--- Material for this exercise ---
◇ ◇ ◇ ◇ ◇ ◇ ◇

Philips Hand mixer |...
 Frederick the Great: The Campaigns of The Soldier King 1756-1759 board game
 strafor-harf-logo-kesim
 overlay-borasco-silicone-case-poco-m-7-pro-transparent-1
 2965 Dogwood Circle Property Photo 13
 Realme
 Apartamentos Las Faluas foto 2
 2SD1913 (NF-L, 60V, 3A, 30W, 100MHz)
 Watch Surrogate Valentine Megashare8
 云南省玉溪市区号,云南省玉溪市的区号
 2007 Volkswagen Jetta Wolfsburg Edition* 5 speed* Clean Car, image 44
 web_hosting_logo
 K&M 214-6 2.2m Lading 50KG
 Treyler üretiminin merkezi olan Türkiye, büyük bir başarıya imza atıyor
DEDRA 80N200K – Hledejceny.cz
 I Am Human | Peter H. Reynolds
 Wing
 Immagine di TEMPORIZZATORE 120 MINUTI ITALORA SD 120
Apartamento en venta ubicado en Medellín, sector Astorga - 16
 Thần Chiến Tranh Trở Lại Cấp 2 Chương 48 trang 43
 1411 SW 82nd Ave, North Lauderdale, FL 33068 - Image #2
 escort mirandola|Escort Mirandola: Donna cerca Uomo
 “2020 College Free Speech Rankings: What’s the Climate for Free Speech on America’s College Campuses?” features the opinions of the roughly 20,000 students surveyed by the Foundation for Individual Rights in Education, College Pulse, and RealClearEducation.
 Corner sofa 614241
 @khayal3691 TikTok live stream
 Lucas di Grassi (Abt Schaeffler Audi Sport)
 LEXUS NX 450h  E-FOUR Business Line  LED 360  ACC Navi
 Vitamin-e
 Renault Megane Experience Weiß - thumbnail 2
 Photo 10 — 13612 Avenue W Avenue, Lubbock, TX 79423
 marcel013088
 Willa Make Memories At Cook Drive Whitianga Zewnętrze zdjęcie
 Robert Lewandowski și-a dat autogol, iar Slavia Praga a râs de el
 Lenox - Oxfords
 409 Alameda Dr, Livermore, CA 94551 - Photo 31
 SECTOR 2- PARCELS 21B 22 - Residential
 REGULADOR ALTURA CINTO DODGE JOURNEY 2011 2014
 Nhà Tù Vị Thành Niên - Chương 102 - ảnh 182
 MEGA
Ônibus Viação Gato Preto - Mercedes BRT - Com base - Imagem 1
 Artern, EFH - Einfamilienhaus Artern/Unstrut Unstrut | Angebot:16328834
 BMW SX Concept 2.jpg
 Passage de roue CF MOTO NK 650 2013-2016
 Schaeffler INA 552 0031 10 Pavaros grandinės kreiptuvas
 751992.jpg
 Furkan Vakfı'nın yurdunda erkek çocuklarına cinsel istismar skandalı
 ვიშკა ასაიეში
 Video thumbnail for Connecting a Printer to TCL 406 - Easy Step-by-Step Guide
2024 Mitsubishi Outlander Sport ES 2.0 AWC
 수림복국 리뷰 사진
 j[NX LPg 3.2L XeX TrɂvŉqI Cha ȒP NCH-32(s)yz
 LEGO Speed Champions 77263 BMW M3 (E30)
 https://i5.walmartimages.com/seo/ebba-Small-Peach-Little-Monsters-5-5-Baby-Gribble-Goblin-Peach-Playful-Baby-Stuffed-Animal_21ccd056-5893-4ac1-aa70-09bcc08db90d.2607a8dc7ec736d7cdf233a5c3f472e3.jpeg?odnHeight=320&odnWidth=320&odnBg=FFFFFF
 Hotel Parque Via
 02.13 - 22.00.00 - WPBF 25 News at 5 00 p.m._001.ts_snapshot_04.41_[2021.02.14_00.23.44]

◇ ◇ ◇ ◇ ◇ ◇ ◇

--- Directions for this task ---
Nothing should be altered. Set down all the data again.

--- Task solution ---
Philips Hand mixer |...
 Frederick the Great: The Campaigns of The Soldier King 1756-1759 board game
 strafor-harf-logo-kesim
 overlay-borasco-silicone-case-poco-m-7-pro-transparent-1
 2965 Dogwood Circle Property Photo 13
 Realme
 Apartamentos Las Faluas foto 2
 2SD1913 (NF-L, 60V, 3A, 30W, 100MHz)
 Watch Surrogate Valentine Megashare8
 云南省玉溪市区号,云南省玉溪市的区号
 2007 Volkswagen Jetta Wolfsburg Edition* 5 speed* Clean Car, image 44
 web_hosting_logo
 K&M 214-6 2.2m Lading 50KG
 Treyler üretiminin merkezi olan Türkiye, büyük bir başarıya imza atıyor
DEDRA 80N200K – Hledejceny.cz
 I Am Human | Peter H. Reynolds
 Wing
 Immagine di TEMPORIZZATORE 120 MINUTI ITALORA SD 120
Apartamento en venta ubicado en Medellín, sector Astorga - 16
 Thần Chiến Tranh Trở Lại Cấp 2 Chương 48 trang 43
 1411 SW 82nd Ave, North Lauderdale, FL 33068 - Image #2
 escort mirandola|Escort Mirandola: Donna cerca Uomo
 “2020 College Free Speech Rankings: What’s the Climate for Free Speech on America’s College Campuses?” features the opinions of the roughly 20,000 students surveyed by the Foundation for Individual Rights in Education, College Pulse, and RealClearEducation.
 Corner sofa 614241
 @khayal3691 TikTok live stream
 Lucas di Grassi (Abt Schaeffler Audi Sport)
 LEXUS NX 450h  E-FOUR Business Line  LED 360  ACC Navi
 Vitamin-e
 Renault Megane Experience Weiß - thumbnail 2
 Photo 10 — 13612 Avenue W Avenue, Lubbock, TX 79423
 marcel013088
 Willa Make Memories At Cook Drive Whitianga Zewnętrze zdjęcie
 Robert Lewandowski și-a dat autogol, iar Slavia Praga a râs de el
 Lenox - Oxfords
 409 Alameda Dr, Livermore, CA 94551 - Photo 31
 SECTOR 2- PARCELS 21B 22 - Residential
 REGULADOR ALTURA CINTO DODGE JOURNEY 2011 2014
 Nhà Tù Vị Thành Niên - Chương 102 - ảnh 182
 MEGA
Ônibus Viação Gato Preto - Mercedes BRT - Com base - Imagem 1
 Artern, EFH - Einfamilienhaus Artern/Unstrut Unstrut | Angebot:16328834
 BMW SX Concept 2.jpg
 Passage de roue CF MOTO NK 650 2013-2016
 Schaeffler INA 552 0031 10 Pavaros grandinės kreiptuvas
 751992.jpg
 Furkan Vakfı'nın yurdunda erkek çocuklarına cinsel istismar skandalı
 ვიშკა ასაიეში
 Video thumbnail for Connecting a Printer to TCL 406 - Easy Step-by-Step Guide
2024 Mitsubishi Outlander Sport ES 2.0 AWC
 수림복국 리뷰 사진
 j[NX LPg 3.2L XeX TrɂvŉqI Cha ȒP NCH-32(s)yz
 LEGO Speed Champions 77263 BMW M3 (E30)
 https://i5.walmartimages.com/seo/ebba-Small-Peach-Little-Monsters-5-5-Baby-Gribble-Goblin-Peach-Playful-Baby-Stuffed-Animal_21ccd056-5893-4ac1-aa70-09bcc08db90d.2607a8dc7ec736d7cdf233a5c3f472e3.jpeg?odnHeight=320&odnWidth=320&odnBg=FFFFFF
 Hotel Parque Via
 02.13 - 22.00.00 - WPBF 25 News at 5 00 p.m._001.ts_snapshot_04.41_[2021.02.14_00.23.44]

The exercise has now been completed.